Authors: Iris Anthony
We reached that evening's hospice rather late, as the sun was in its decline. The bells for vespers were already ringing, and there was a great knot of people at the entrance to the church. I had still not grown used to the push and crush of thronging crowds, and I was jostled to and fro by the people. I confess I stayed close to the man who had been my walking companion, for at least he was known to me, but the crowds soon parted us, and I ended by standing in the chancel among strangers, clasping my knotted cloth to my chest.

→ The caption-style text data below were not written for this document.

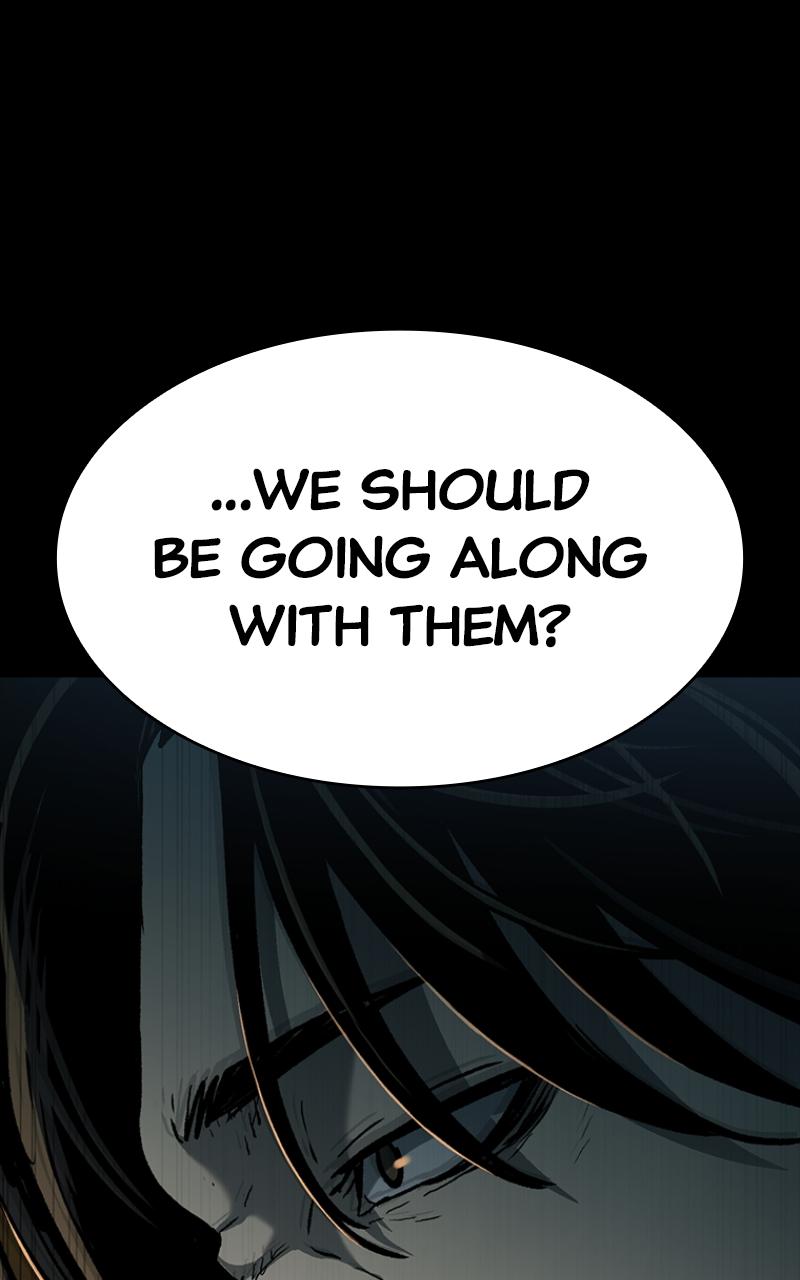 Kowloon: COPÓKA Chapter 15 - Page 102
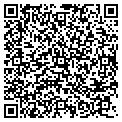 QR code with Image One contacts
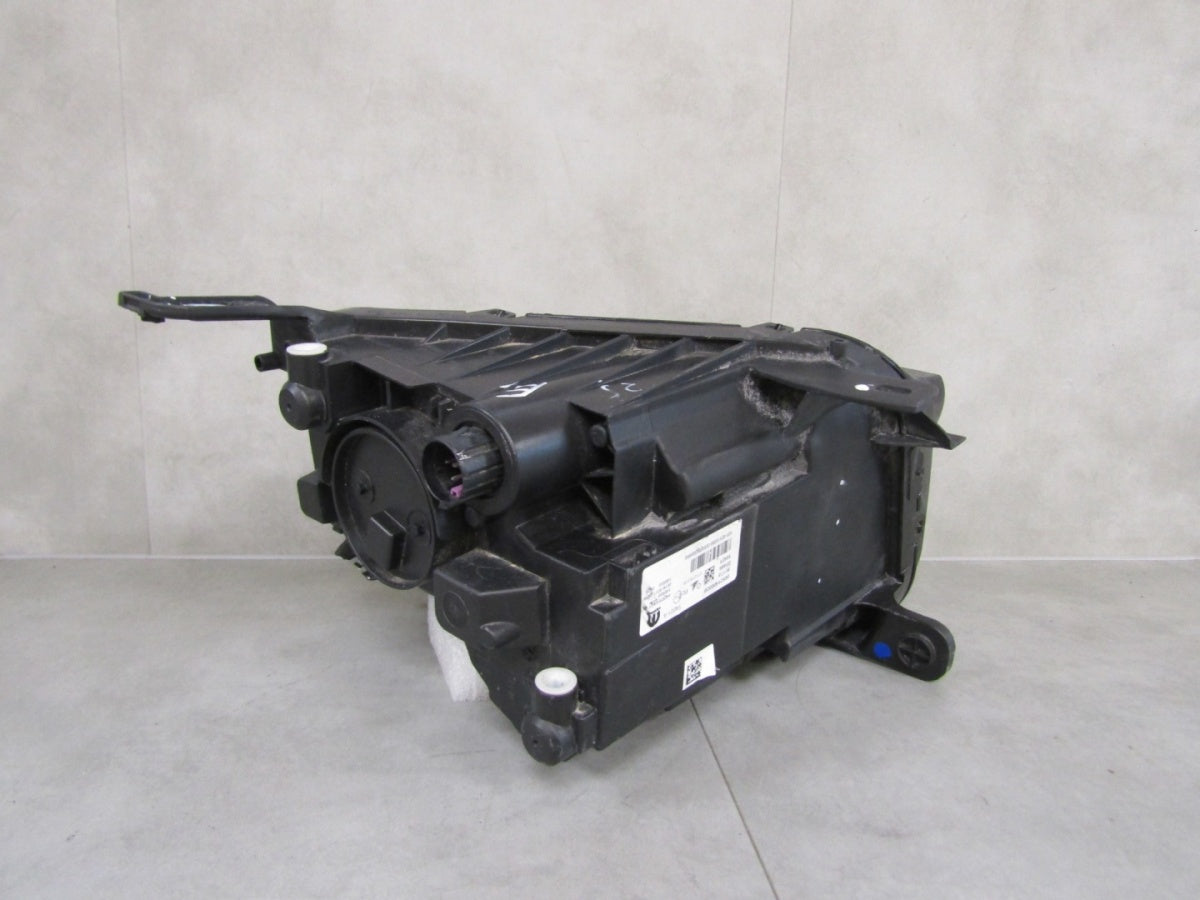Prednji far FIAT 500E 2 II FULL LED LH lijevi 20- 00521400320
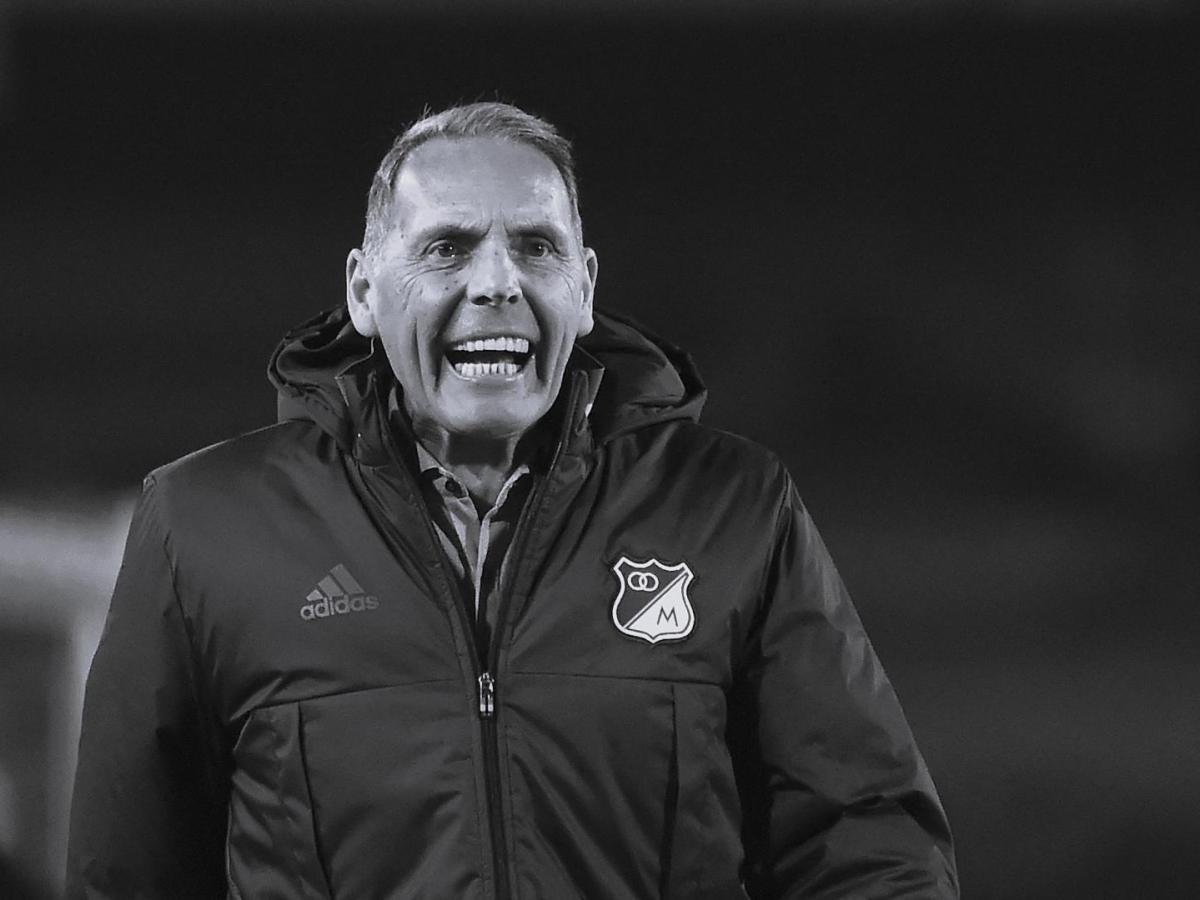 El fútbol despide a Miguel Ángel Russo: un maestro de la vida y del deporte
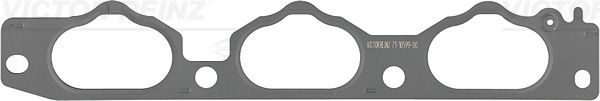 VICTOR REINZ 71-10599-00 Gasket, intake manifold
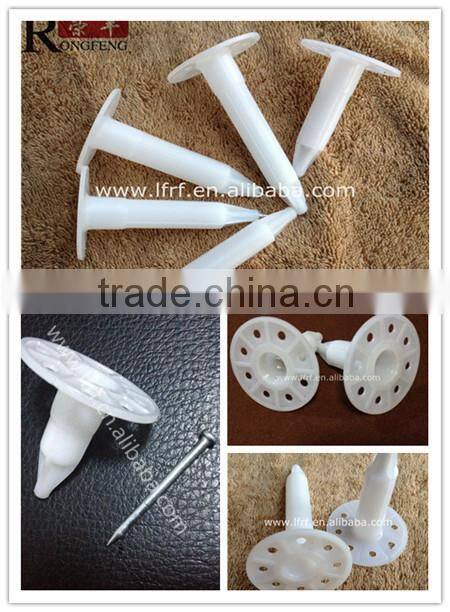insulation anchor manufactory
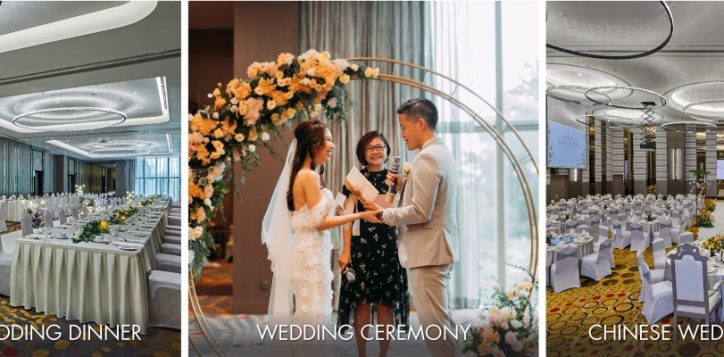 weddings-promo-banner-02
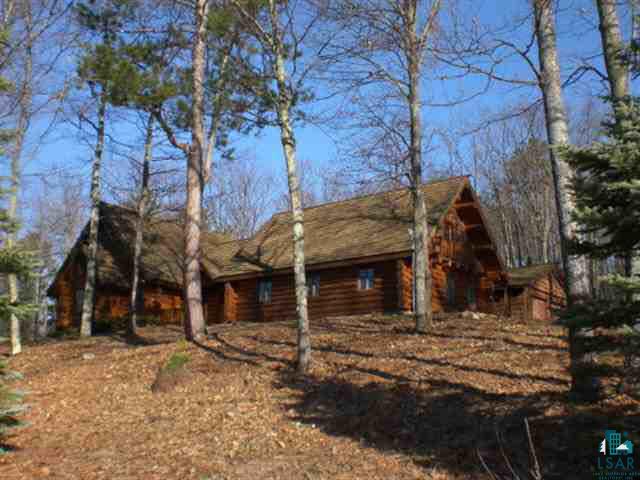 34725 Siefert Road Bayfield, WI 54814 - Photo 5 of 9 Gallery Image 5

This church had been built of stone just as the others had been. It had the same high, soaring roof and the same sort of few, small windows, which failed to let in light. But I had become accustomed to searching out God in the dark. And how glorious was that service. I closed my eyes as I listened, imagining the priest to be the voice of God. The incense to be the scent of heaven, and the chanting monks to be the voices of angels. The offices were soon finished, and I shuffled into the hospice with the other pilgrims. I did not see the man I had walked with, but I soon located the woman, Rosamund, I had spoken with the day before. She caught my eye with a wave of her hand. As had been my habit, I waited until the others had been seated before slipping along the wall and finding a place for myself at the darkest corner of their table. Thus situated, I had learned that by the time the remainder of the food had reached me, the others were intent upon their own meals and I could eat with my left hand without any of them remarking upon it. Happily, when I sat, it was next to Rosamund.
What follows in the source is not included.